Was encountering consistent tinyliquid timeouts which prevented the build from completing. Determined that timeout was still at 2 minutes even though we were attempting to set it to 20 minutes. After diving into the tinyliquid and metalsmith-layouts code, I arrived at a new approach which works like this:

const originalRun = liquid.run;
  liquid.run = (astList, context, callback) => {
    // eslint-disable-next-line no-param-reassign
    context.options.timeout = 1200000;
    originalRun(astList, context, callback);
  };

This successfully sets the timeout to 20 minutes. Now I can test and benchmark with 48k nodes on Jenkins.

alexandec commented 3 years ago

Testing with 49k nodes. I'm seeing more Jenkins errors with this new test data but I haven't figured out why. Errors include:

[2021-05-05T21:38:03.616Z] Cannot contact EC2 (jenkins-cloud) - vetsgov-general-purpose-1b (sir-r2g1b3xh): java.lang.InterruptedException

And also:

[2021-05-05T23:47:51.843Z] wrapper script does not seem to be touching the log file in /home/jenkins/workspace/_24022-jenkins-48k-nodes-testing@tmp/durable-9bce82a0
[2021-05-05T23:47:51.843Z] (JENKINS-48300: if on an extremely laggy filesystem, consider -Dorg.jenkinsci.plugins.durabletask.BourneShellScript.HEARTBEAT_CHECK_INTERVAL=86400)

And finally this, which seems to indicate an out of memory error:

[2021-05-05T23:15:23.853Z] npm ERR! errno 137

I'm seeing a lot of virtual memory use in the local build, which I'm guessing is causing the problems on Jenkins. The local build gets killed near the end:

Step 47 of 55 start: Rewrite VA domains for the buildtype
error Command failed with signal "SIGKILL".

At that point the local build is using about 3gb of real memory and about 50gb of virtual memory. So I think VM is the issue.

Need to figure out why this is happening with the new 49k node test data.
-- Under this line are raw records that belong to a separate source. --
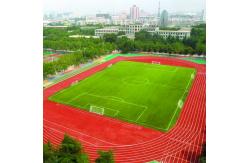 China Permeable UV Resistance Rubber Running Track Material Sound Reduction supplier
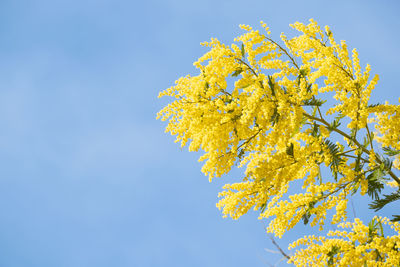 Low angle view of yellow flowering plant against clear sky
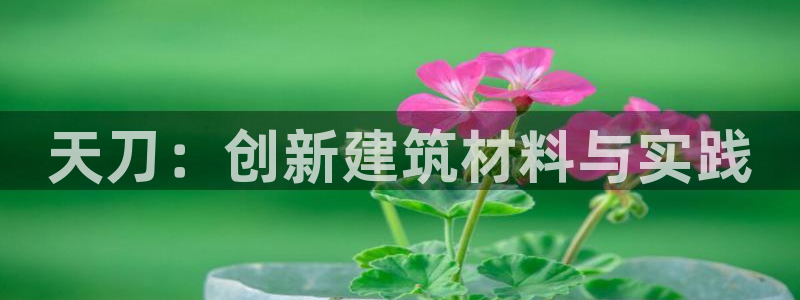 先锋方舟娱乐集团：天刀：创新建筑材料与实践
It was not occurring with the old 48k node test data.

alexandec commented 3 years ago

I tried using a couple new flags which increase garbage collection frequency:

NODE_TLS_REJECT_UNAUTHORIZED=0 node --max-old-space-size=8192 --trace_gc --optimize_for_size --gc_interval=100  script/build-content.js

This successfully reduced peak memory use, but also increased build time by about 2x. Based on the --trace_gc output there was just too much scavenging happening. But I think by increasing gc_interval and/or setting --max-old-space-size to a lower value, we can find a better balance of garbage collection and build time, while preventing Jenkins from running out of memory. I'll experiment further with these changes.

alexandec commented 3 years ago

Currently experimenting with just setting --max-old-space-size lower. Too low, and the build fails because it runs out of heap space. Too high, and the build fails because the EC2 instance runs out of memory and kills the process.

If I can find just the right setting for the amount of memory available, then V8 will perform only minimal garbage collection most of the time. As memory use nears the limit, GC frequency will automatically increase, dropping memory use back down. That should be a lot more efficient than forcing frequent garbage collection all the time with --gc_interval.

alexandec commented 3 years ago

Talked with ops to see if they had any ideas. They provided a Prometheus graph which shows available memory percentage for the Jenkins nodes. I also added some code to log memory statistics in more detail:

 const logProcMeminfo = () => {
  const command = 'cat /proc/meminfo';
  exec(command, (err, stdout, stderr) => {
    if (err) {
      console.log('error: ', err);
      return;
    }

    console.log(`${command}:\n${stdout}`);
    if (stderr) console.log(`stderr: ${stderr}`);
  });
};

Comparing this output to the Prometheus graph of the Jenkins node free memory, I could see that they matched. When build starts, Jenkins reports about 80% of its memory as free (about 25gb of 32gb total memory). But when the Drupal data is loaded into Metalsmith, this drops to about 20% free (about 6gb). As the build continues, free memory fluctuates but eventually drops to around 10% free (3gb). At this point the build fails with an error like this:

Step 45 of 54 start: Apply layouts 0-9.-_~!$&'()*+,;=:@
Error: spawn ENOMEM
    at ChildProcess.spawn (internal/child_process.js:403:11)
    at spawn (child_process.js:553:9)

Or an error like this:

Killed
npm ERR! code ELIFECYCLE
npm ERR! errno 137

Both errors indicate insufficient memory (either physical or virtual). The issue appears to be that with 3 builds running simultaneously (dev, staging, and prod), each build eventually uses almost 10gb of memory (about 30gb total), leaving only 2-3gb left on the EC2 instance which runs Jenkins. Jenkins then kills one or two of the builds to free up memory, leaving the remaining build(s) to finish normally. Here's what the graph looks like:

The confusing part is why so much memory is used by the builds. There's only 1gb total of Drupal query data. The Drupal assets probably add to this. But we shouldn't see 10gb of memory use per build. The number should be more like 3-4gb based on the JS heap size diagnostics I've been seeing. My attempts to improve garbage collection and limit heap size have not been able to fix the problem. I want to investigate further to determine the cause of all this extra memory use.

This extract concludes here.